Today is a pretty special day.
If you count our dating years, Tom and I have been together for 14 years. I am 29 years old, so that is pretty much half of my life. Half of my life. I have known this man.
We were awkward teenagers together. We made it through college with a long-distance relationship. And today, we’ve been married for 7 of those 14 years.
I’ve had friends tell me that they really admire Tom and mine’s relationship. They ask us how we made it through a 4-year long-distance relationship, how we work through our differences, how we make it look so easy.
So when my friend Lauren asked me what’s the toughest thing about being married?, she kind of threw me for a minute. That’s not an easy question to answer!
After our wedding, our friends and family would ask what it felt like to be married. And my answer was always that it felt just like dating, except he never went home! The switch from dating and living at home with our parents to being married and living together was hard. Just in the small details you don’t know about someone until you live with them. How they sort (or don’t sort) their laundry, leaving dishes in the sink, how the other person interprets time when you ask them to do something (I asked you to do the dishes. Why are you still sitting on the couch 38 seconds later?).

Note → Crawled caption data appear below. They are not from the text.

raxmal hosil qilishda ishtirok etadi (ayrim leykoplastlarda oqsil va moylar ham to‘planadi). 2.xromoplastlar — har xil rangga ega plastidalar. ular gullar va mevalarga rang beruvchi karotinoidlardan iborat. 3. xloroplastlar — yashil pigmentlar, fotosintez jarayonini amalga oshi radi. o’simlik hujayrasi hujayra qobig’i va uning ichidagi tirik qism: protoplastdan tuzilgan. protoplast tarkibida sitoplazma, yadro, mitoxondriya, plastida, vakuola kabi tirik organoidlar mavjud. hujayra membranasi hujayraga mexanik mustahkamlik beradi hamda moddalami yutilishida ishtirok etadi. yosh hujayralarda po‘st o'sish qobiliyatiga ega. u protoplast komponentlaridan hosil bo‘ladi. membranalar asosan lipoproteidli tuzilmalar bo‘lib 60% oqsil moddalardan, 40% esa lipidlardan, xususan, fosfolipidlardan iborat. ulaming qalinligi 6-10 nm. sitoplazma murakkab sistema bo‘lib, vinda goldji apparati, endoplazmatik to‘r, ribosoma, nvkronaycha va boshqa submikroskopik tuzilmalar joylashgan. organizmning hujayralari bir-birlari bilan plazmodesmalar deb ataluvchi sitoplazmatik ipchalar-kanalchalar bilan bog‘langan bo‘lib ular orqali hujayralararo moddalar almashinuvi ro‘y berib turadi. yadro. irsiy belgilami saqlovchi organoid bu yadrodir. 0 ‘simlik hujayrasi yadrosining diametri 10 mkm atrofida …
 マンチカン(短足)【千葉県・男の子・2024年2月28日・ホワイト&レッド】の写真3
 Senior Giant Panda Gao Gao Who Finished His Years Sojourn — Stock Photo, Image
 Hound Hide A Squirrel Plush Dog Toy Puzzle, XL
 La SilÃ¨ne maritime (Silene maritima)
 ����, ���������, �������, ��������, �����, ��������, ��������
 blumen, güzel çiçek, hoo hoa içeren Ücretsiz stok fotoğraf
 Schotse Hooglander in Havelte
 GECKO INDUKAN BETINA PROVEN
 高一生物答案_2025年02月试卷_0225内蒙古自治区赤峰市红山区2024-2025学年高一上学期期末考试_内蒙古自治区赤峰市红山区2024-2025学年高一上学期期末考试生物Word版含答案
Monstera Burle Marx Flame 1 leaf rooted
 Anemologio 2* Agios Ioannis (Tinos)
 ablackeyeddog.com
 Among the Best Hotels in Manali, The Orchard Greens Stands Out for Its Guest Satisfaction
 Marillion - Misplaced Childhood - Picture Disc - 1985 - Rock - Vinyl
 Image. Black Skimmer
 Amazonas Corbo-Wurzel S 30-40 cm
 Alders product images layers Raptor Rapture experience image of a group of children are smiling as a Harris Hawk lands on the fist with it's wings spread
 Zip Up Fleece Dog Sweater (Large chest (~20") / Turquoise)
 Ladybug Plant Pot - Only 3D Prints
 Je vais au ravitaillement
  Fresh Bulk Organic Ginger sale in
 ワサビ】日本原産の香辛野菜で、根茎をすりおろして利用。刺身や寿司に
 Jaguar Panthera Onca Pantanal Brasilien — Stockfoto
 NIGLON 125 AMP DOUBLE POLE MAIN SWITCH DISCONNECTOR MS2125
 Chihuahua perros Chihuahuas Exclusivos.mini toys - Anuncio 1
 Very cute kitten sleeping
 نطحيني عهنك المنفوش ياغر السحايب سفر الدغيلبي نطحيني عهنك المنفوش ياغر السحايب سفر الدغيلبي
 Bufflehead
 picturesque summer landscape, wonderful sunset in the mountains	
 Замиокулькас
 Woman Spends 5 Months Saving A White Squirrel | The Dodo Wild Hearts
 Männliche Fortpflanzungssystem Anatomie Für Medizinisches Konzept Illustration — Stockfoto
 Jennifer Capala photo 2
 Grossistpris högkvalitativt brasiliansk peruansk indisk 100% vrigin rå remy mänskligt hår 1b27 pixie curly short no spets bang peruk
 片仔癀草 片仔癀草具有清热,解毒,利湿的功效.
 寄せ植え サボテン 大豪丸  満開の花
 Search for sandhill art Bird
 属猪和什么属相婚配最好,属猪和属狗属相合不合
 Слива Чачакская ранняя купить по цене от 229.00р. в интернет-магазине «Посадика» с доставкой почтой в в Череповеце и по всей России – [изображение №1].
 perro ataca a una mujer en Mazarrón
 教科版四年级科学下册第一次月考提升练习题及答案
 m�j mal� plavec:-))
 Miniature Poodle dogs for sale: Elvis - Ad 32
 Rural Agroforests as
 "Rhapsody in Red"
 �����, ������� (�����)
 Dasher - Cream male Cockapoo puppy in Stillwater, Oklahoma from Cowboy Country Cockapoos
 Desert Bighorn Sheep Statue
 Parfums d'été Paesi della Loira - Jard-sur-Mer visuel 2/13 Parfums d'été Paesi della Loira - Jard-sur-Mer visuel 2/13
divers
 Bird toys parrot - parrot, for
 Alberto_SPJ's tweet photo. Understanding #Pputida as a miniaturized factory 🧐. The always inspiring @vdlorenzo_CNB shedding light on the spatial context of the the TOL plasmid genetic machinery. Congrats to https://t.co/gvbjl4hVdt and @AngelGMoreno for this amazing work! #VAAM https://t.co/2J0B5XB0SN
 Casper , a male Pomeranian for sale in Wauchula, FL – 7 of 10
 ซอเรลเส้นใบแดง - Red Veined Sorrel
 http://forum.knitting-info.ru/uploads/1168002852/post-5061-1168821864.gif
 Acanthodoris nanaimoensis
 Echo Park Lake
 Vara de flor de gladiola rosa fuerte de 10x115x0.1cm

Now? With 7 years of marital bliss under our belts? I’d say the toughest thing about being married is the trap of taking each other for granted. We have been each other’s lives for so long that it’s easy to forget the incredible responsibility we have to each other. It’s easy to go through the motions of our daily lives and miss the little things. It’s not that we don’t appreciate each other; it’s that I think sometimes it’s easy to forget to truly see each other. To pause our regular lives and really connect, really listen. Because this is what matters most in a relationship – to listen, to love, to be truly connected to one another.
Happy Anniversary, Tom. Each and every day with you is time well-spent. And I wouldn’t trade it for the world.